D.C. Commissioner of Social Services Audrey Rowe said her department erred in stating Wednesday that it had a regulation forbidding more than two infants in a foster care home. Rowe said this practice is a guideline in the process of being adopted as policy.
District officials violated city regulations by placing too many infants in a foster home where a Sunday morning blaze killed five persons, including three infants and a 2-year-old.
Regina Bernard, director of the Department of Human Services' foster care program, confirmed that under department regulations only two infants can be placed in each foster home. But on March 7, a social worker placed a third infant, 3-week-old Paul Holmes, with foster parent Frances P. Walker.
He joined 5-month-old twins the city had placed in the home four months earlier, a 2-year-old former foster child adopted by Walker in January and an 8-year-old foster child.
"Sometimes emergencies overrule the regulations," said Bernard. "That child was clearly a temporary placement. That child would have been moved."
Paul Holmes' parents said they are considering legal action against the city for their son's death.
City Social Service Commissioner Audrey Rowe said the parents voluntarily gave up the infant after the city received a referral indicating there could be a problem with neglect. The parents then sued to have the baby returned, Rowe said.
On March 18, a D.C. Superior Court judge issued an order to allow the city to continue sheltering the child until a second hearing, which was scheduled for Tuesday. The parents said they visited the child twice in city offices after they agreed to give him up for 90 days.
An early morning fire that destroyed Walker's home killed all three infants, as well as her 2-year-old son and a 55-year-old friend of the family who was watching the children while Walker was on a weekend church trip in Pennsylvania.

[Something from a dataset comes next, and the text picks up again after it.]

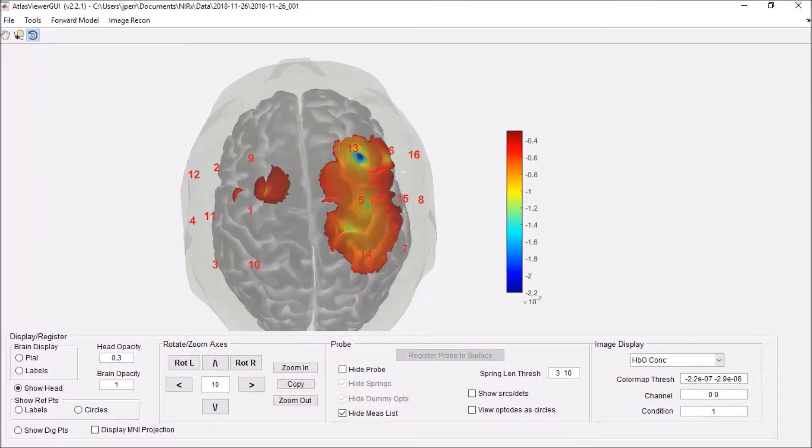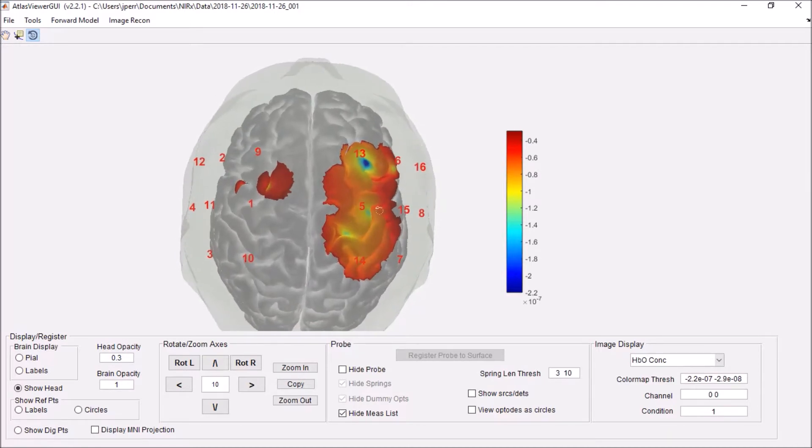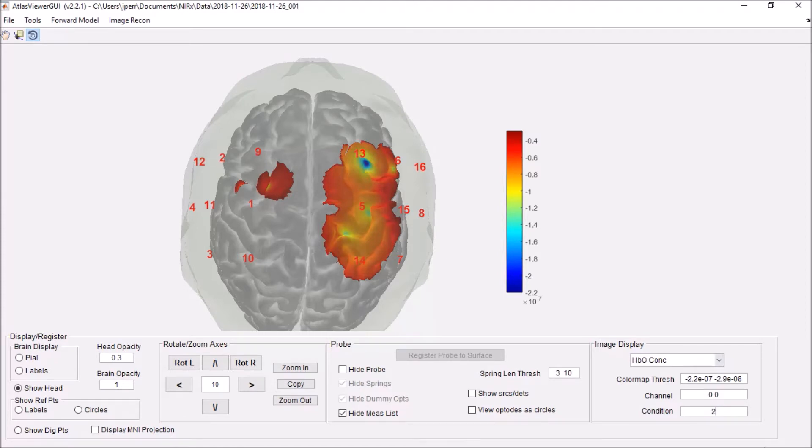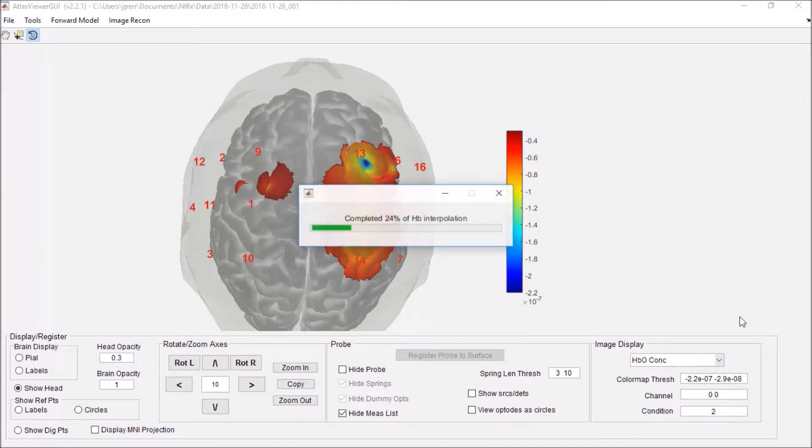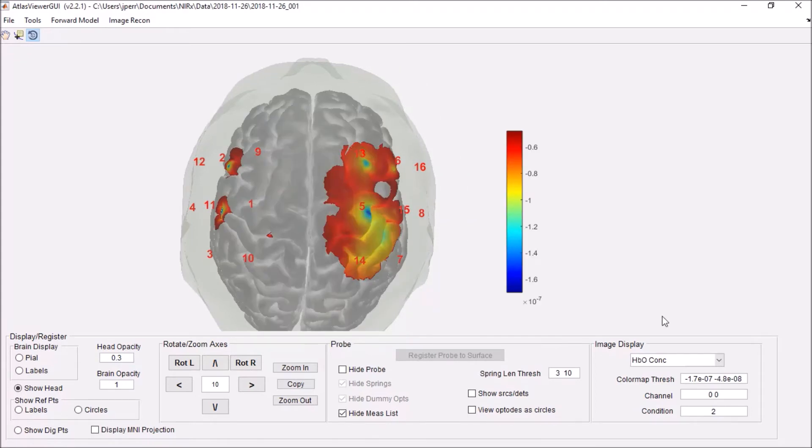Once it's done, there it is. So you can actually see the concentration data. You'll see I'm looking at HBO concentration here for condition 1. I can also select condition 2. When I click off, it will rerun it. And there's condition 2. Slightly different on the left side there.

The fourth foster child, 8-year-old Maria Marshall, remains in critical condition at D.C. General Hospital.
The girl's vital functions are being maintained by life support equipment and a dispute has arisen between her natural mother and the city as to who is responsible for the decision whether to continue life support efforts, according to Rowe.
Rowe said the girl is a ward of the city, as the city had obtained an court order for emergency care for the girl. "Her mother is concerned about who has final say," Rowe said, adding that the corporation counsel is researching the issue. The girl had lived in Walker's home since January 1984.
An official of the Child Welfare League, a national standard-setting group, said it urges states not to place more than two children under 2 years of age in one foster home and advises that foster parents, rather than baby sitters, care for foster children. Rowe said, however, the latter standard would exclude working parents, and thus limit the age and diversity of foster parents available to the city.
Bernard said yesterday that the third infant was placed with Walker because of her past success in caring for infants.